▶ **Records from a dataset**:

┌──

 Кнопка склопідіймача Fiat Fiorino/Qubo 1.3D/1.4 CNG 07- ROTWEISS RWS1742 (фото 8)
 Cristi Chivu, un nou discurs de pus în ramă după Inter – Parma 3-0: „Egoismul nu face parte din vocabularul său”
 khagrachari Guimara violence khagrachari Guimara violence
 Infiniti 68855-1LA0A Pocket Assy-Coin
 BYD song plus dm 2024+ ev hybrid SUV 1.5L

└──

▶ **PROBLEM DESCRIPTION**:
Each line from the one with "Infiniti 68855-1LA0A Pocket Assy-Coin" through the end of the entries above is to be returned word for word. Nothing else belongs in the answer.

▶ **REPLY TO THE EXERCISE**:
 Infiniti 68855-1LA0A Pocket Assy-Coin
 BYD song plus dm 2024+ ev hybrid SUV 1.5L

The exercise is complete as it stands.